Union sources told Reuters the administrators told the meeting any job cuts would only happen after Carige clinched a merger requested by regulators, but they also noted there was no potential partner currently in sight.
The unions expressed concerns about Carige’s plan to shed more problem loans after the bank said it would invite potential bidders to cut impaired debts below 10 percent of total lending, compared with 27.5 percent at the end of September.
Carige, which has faced liquidity crises in the past, said on Tuesday it would use the state guarantee to sell bonds, but added it was unlikely to turn to the government for capital.
In a decree which came into force on Tuesday, Italy reinstated a measure adopted in the past to provide liquidity to banks and committed up to 300 million euros for a guarantee provided by the Treasury on new bonds issued by Carige in addition to funds it may borrow from the Bank of Italy.
The decree also authorized the state to buy up to 1 billion euros in Carige shares by the end of September under a “precautionary recapitalization” scheme previously used for Monte dei Paschi, but Carige has said that applying for state aid is “a very marginal option”.
European Union rules governing state aid allow for a solvent bank to receive public money to fill a hypothetical capital shortfall under a shock scenario.
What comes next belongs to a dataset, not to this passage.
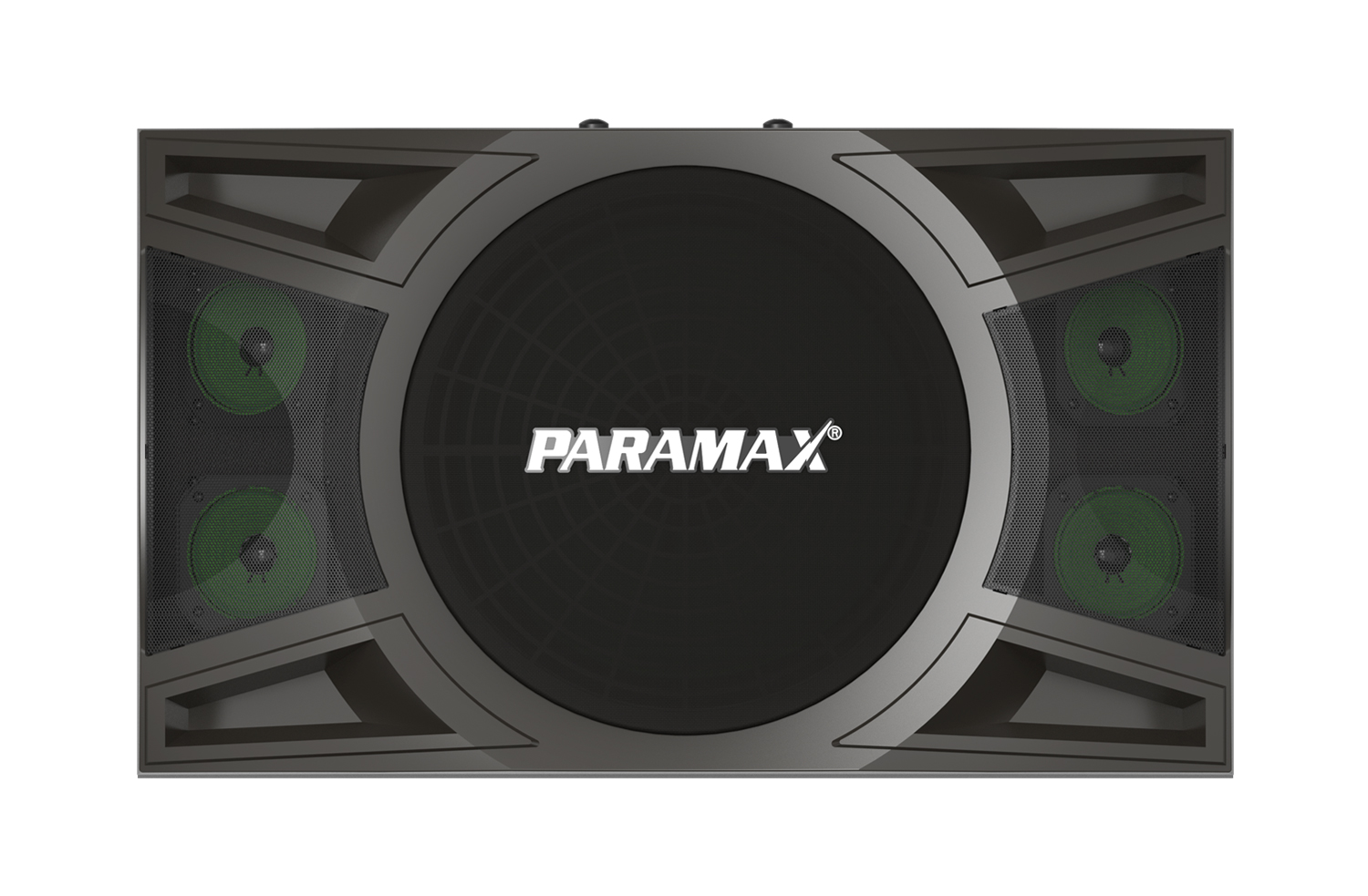 [HCM][Trả góp 0%]Loa Paramax P-1000 NEW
Carige fared poorly in ECB stress tests last year.
Weakened by decades of mismanagement and an excessive exposure to the depressed local economy, Carige has piled up more than 1.5 billion euros in losses since 2014, mostly due to bad loans.
It has since raised 2.2 billion euros in three successive cash calls, but when the bank’s shares were suspended on Jan. 2, it was worth just 84 million euros.
Italian banks in November came to Carige’s rescue by providing second-tier capital via a 320-million-euro hybrid bond.
But Carige’s top shareholder, the Malacalza family of steel magnates, in December blocked a new share issue of up to 400 million euros that would have been guaranteed by the bond’s conversion into equity.
The Malacalzas, who have already poured more than 400 million euros into Carige, have said they first want more clarity on the bank’s future.
Carige can still use the bond to beef up its core capital if this fell below minimum requirements and sources have told Reuters a possible conversion, which can be requested by the bank itself or supervisory authorities, remains on the table.
In the meantime, Carige’s administrators have sought a reduction in the 16 percent rate the bank pays on the bond.
A source at the banking fund that bought the bond said a meeting would take place on Wednesday to discuss Carige’s proposal.